Pelicans shot to death over weekend?
SAM WOLFE email@example.com
Kelly Donaldson, a veterinarian at the Highlands Animal Hospital in Sebastian, displays the injured left wing of a brown pelican found Wednesday on a spoil island near the 1600 block of Indian River Drive in Sebastian.
By TONY JUDNICH
December 21, 2006
SEBASTIAN — City Marine Officer Tom Poore made a sad discovery on an Indian River Lagoon spoil island Wednesday afternoon: Eleven pelicans, nine of them dead and two injured.
Poore also found shotgun shells — what he called "duck shot or bird shot" — on the island, just north of Squid Lips Restaurant and Marina, 1660 Indian River Drive. He said many of the birds apparently were shot to death.
"I think (they were shot), because I've never seen that many pelicans on an island like that, and all the shotgun shells I found," he said.
Poore brought the two surviving pelicans — young adult, native Florida brown pelicans — to Highlands Animal Hospital on County Road 512. Veterinarians saved one of the birds but had to put the other to sleep.
The euthanized pelican had ingested a fishing hook and had a severe infection, veterinarian Kelly Donaldson said. She said X-rays of this bird did not reveal any gunshot.
The lone surviving bird has a wound the size of a quarter on its left wing. Donaldson said she and other veterinarians treated its infection with antibiotics and wildlife rehabilitation experts in South Brevard County would pick up the pelican to give it further care.
Veterinarians didn't find any gunshot in the surviving bird, but are not ruling out it might have been shot, she said. Donaldson said this pelican probably could fly but is too weak.
"He can get around pretty well," Donaldson said. "None of his wings are broken. He should be fine once he gets over the infection. (Injured pelicans) can recover pretty quickly."

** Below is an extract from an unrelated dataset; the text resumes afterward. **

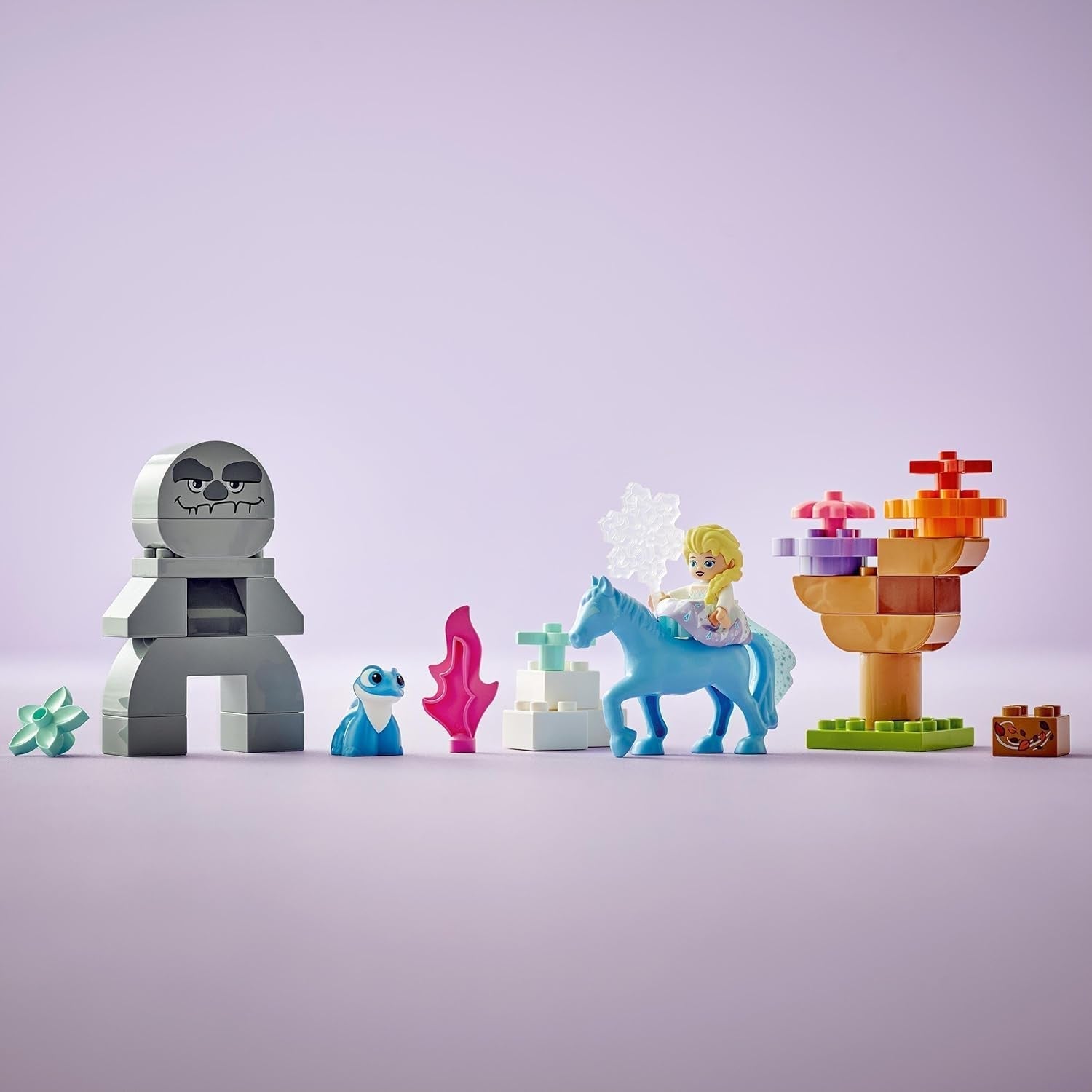 LEGO DUPLO | Disney ELSA a Bruni v kouzelném lese, figurky ledové královny 4 pro 2 roky, předškolní dárek pro dívky a chlapce od 2 let, na základě Frozen 2 10418 stavebnic Beuche den LEGO-Store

Late Friday, some local residents reported hearing what sounded like numerous gunshots near the island where Poore found the birds on Wednesday.

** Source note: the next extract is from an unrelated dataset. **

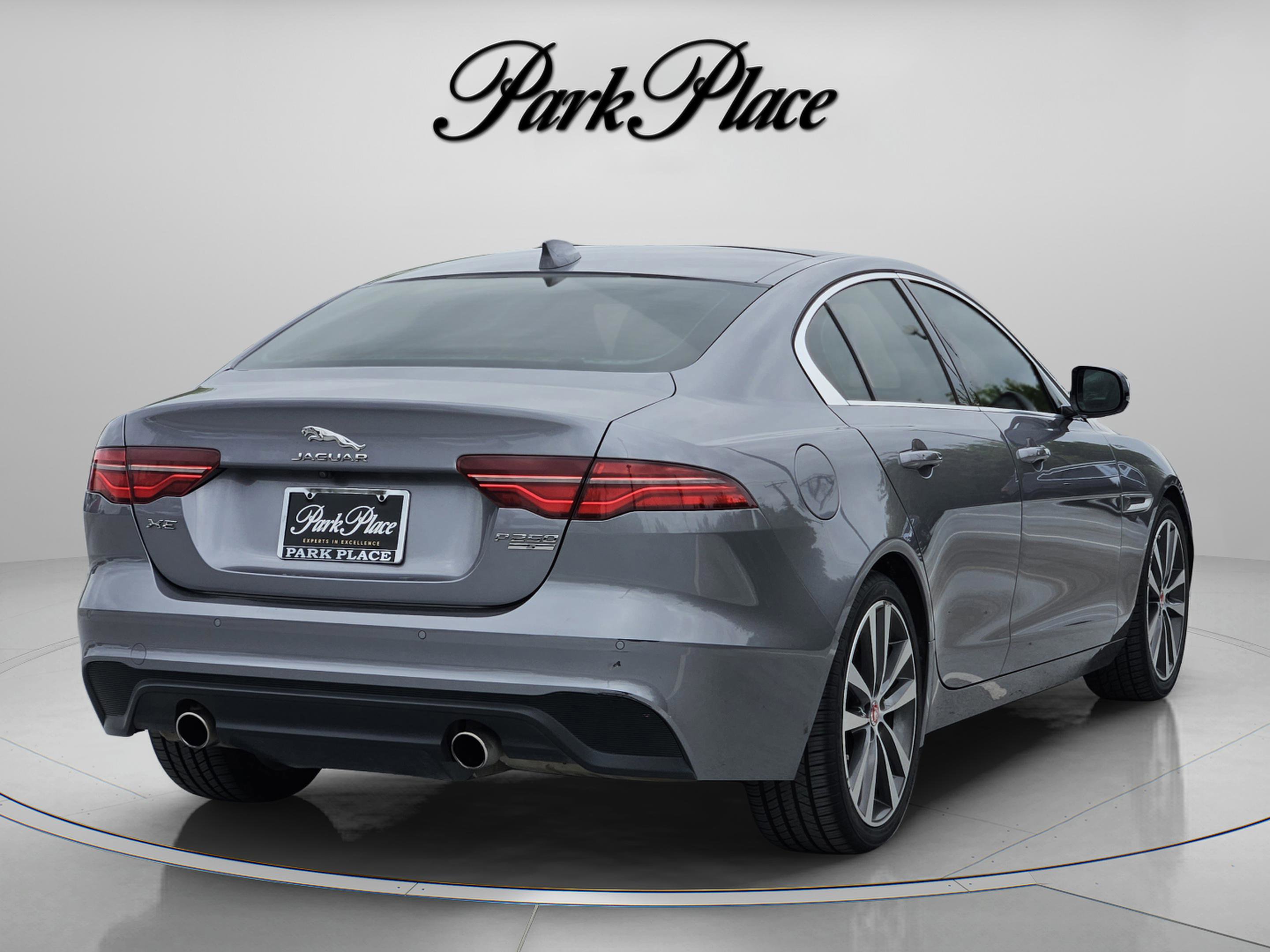 Used 2020 Jaguar XE S RWD image 6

Bob Richardson, who has lived north of Squid Lips for almost three years, said he heard shots near the island Friday night, Saturday morning and afternoon and Sunday morning.
"I heard seven or eight good pops (Friday night)," Richardson said Wednesday. "I figured firecrackers, but then there was another 20 to 25 shots. They were just pounding them out. They were hunting, you could tell."
He said he didn't hear as many shots fired on Saturday, but those fired Sunday morning woke up him and his fianc'ée, Betsy Valorose.
"It scared her half to death," Richardson said.
He said he called 911 after hearing the shots Friday night. Richardson said the dispatcher he talked to told him it was duck-hunting season.
Richardson said he had looked out at the island Friday and saw a white boat, about 17 feet long, and a camouflaged boat, near the island.
"One man was out of the boat, about 10 minutes after all the shooting," he said.
Poore said bird shooting isn't allowed on the island.
According to federal law, the American white pelican and the brown pelican are protected by the Migratory Bird Treaty Act of 1918, which makes it unlawful to pursue, hunt, take, capture, kill or sell the birds.
He said the island is in the county's jurisdiction and Sebastian Police did not respond to the reports of gunshots last weekend. But Sheriff's Office spokesman Deputy Jeff Luther on Wednesday said the Sheriff's Office also did not respond to the area.
Poore said he reported the dead birds to the U.S. Fish and Wildlife Service and the Florida Fish and Wildlife Conservation Commission. The federal agency might send someone to the island today to inspect the dead birds.
Joy Hill, spokeswoman for the conservation commission, said her agency also would investigate the matter.
Sebastian bills itself as "the home of Pelican Island." The Pelican Island National Wildlife Refuge is in the lagoon and a few miles south of the city.
And Richardson said he and his fianc'ée love pelicans.
"It just blows my mind people were shooting pelicans like that," he said.
• Anyone who sees sick, injured or dead wildlife or would like to report a wildlife violation should call the Florida Fish and Wildlife Conservation Commission's Wildlife Alert at (888) 404-3922.
• Along with the American white pelican, the brown pelican is protected by the Migratory Bird Treaty Act of 1918, which makes it unlawful to pursue, hunt, take, capture, kill or sell the birds.